A snapshot from Zero Dark Thirty.
The CIA was so disturbed by the release of Zero Dark Thirty that it published a statement calling it inaccurate. The film depicts the assassination of Osama bin Laden, which the agency claims is “a dramatization, not a realistic portrayal of facts.”

Michael Morell, acting director of the Central Intelligence Agency, posted a message on the agency’s public website, calling the film’s depiction of torture and interrogation methods fictional.

“The film takes significant artistic license, while portraying itself as being historically accurate,” Morell wrote. “What I want you to know is that Zero Dark Thirty is a dramatization, not a realistic portrayal, of the facts. CIA interacted with the filmmakers through our Office of Public Affairs but, as is true with any entertainment project with which we interact, we do not control the final product.”

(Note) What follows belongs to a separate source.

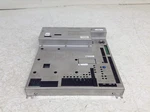 Mettler Toledo 0066065044 1320 Anybus Option Fieldbus Xrtc. Fixed Price $449.99.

Morell also claims that the film only gives credit to capturing the terrorist leader to a few individuals, rather than the hundreds of officers who were involved. He also asserts that it enhanced interrogation techniques and attributed the capture of bin Laden to these torturous methods.

“I want you to remember that Zero Dark Thirty is not a documentary,” Morell wrote.

The CIA rarely comments on the accuracy or inaccuracy of Hollywood productions. The statement comes just days after senior senators Diane Feinstein, John McCain and Carol Levin complained to the film’s producers that it contains “grossly inaccurate and misleading” torture scenes. The senators demanded that the producers attach a disclaimer to the filming, stating that it “is not based on the facts, but rather part of the film’s fictional narrative.”

“We have reviewed CIA records and know that this is incorrect,” the senators wrote in a letter to Michael Lynton, the CEO of Sony Pictures.

“With the release of Zero Dark Thirty, the filmmakers and your production studio are perpetuating the myth that torture is effective,” they added. “We believe that you have an obligation to state that the role of torture in the hunt for Usama Bin Laden is not based on the facts.”

The government opposition to the film’s depiction of torture is perhaps noteworthy considering the CIA’s use of such methods under the Bush administration. Under the previous US president, the agency used method such as water-boarding and sleep deprivation on captured terrorist suspects, but these methods were purportedly reduced in 2004 and banned after President Obama took office. The CIA has not always been opposed to torturous interrogation techniques, but now claims to be disturbed by the film’s portrayal of such methods.